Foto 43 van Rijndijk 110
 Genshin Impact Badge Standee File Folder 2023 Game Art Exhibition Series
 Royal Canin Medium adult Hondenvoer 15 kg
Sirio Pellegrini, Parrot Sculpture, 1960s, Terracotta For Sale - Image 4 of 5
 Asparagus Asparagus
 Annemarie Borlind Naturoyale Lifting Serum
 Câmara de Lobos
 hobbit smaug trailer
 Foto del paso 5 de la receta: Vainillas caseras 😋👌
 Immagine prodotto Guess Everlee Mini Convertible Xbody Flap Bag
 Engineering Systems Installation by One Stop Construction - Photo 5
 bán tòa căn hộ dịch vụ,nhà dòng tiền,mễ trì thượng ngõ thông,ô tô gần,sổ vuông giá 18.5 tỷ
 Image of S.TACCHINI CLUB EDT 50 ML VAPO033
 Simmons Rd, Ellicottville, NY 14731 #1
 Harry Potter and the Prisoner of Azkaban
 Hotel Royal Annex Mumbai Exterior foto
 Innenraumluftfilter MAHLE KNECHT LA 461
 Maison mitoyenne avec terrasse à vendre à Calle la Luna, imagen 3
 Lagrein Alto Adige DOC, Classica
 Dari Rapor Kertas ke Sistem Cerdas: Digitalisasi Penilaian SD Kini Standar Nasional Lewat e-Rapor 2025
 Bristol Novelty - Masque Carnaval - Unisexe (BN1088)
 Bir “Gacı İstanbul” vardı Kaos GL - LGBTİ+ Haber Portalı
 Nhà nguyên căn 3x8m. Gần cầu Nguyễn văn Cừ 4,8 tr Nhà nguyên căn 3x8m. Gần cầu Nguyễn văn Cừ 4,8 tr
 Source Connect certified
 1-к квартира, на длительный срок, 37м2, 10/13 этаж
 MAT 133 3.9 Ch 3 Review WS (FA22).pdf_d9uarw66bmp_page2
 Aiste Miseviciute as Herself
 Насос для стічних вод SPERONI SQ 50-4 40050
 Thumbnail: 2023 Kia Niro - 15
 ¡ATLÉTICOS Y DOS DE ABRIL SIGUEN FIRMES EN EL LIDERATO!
- - -
DESCRIPTION OF THE TASK:
Your job is to give the listing again exactly as it was written.

WRITTEN RESPONSE:
Foto 43 van Rijndijk 110
 Genshin Impact Badge Standee File Folder 2023 Game Art Exhibition Series
 Royal Canin Medium adult Hondenvoer 15 kg
Sirio Pellegrini, Parrot Sculpture, 1960s, Terracotta For Sale - Image 4 of 5
 Asparagus Asparagus
 Annemarie Borlind Naturoyale Lifting Serum
 Câmara de Lobos
 hobbit smaug trailer
 Foto del paso 5 de la receta: Vainillas caseras 😋👌
 Immagine prodotto Guess Everlee Mini Convertible Xbody Flap Bag
 Engineering Systems Installation by One Stop Construction - Photo 5
 bán tòa căn hộ dịch vụ,nhà dòng tiền,mễ trì thượng ngõ thông,ô tô gần,sổ vuông giá 18.5 tỷ
 Image of S.TACCHINI CLUB EDT 50 ML VAPO033
 Simmons Rd, Ellicottville, NY 14731 #1
 Harry Potter and the Prisoner of Azkaban
 Hotel Royal Annex Mumbai Exterior foto
 Innenraumluftfilter MAHLE KNECHT LA 461
 Maison mitoyenne avec terrasse à vendre à Calle la Luna, imagen 3
 Lagrein Alto Adige DOC, Classica
 Dari Rapor Kertas ke Sistem Cerdas: Digitalisasi Penilaian SD Kini Standar Nasional Lewat e-Rapor 2025
 Bristol Novelty - Masque Carnaval - Unisexe (BN1088)
 Bir “Gacı İstanbul” vardı Kaos GL - LGBTİ+ Haber Portalı
 Nhà nguyên căn 3x8m. Gần cầu Nguyễn văn Cừ 4,8 tr Nhà nguyên căn 3x8m. Gần cầu Nguyễn văn Cừ 4,8 tr
 Source Connect certified
 1-к квартира, на длительный срок, 37м2, 10/13 этаж
 MAT 133 3.9 Ch 3 Review WS (FA22).pdf_d9uarw66bmp_page2
 Aiste Miseviciute as Herself
 Насос для стічних вод SPERONI SQ 50-4 40050
 Thumbnail: 2023 Kia Niro - 15
 ¡ATLÉTICOS Y DOS DE ABRIL SIGUEN FIRMES EN EL LIDERATO!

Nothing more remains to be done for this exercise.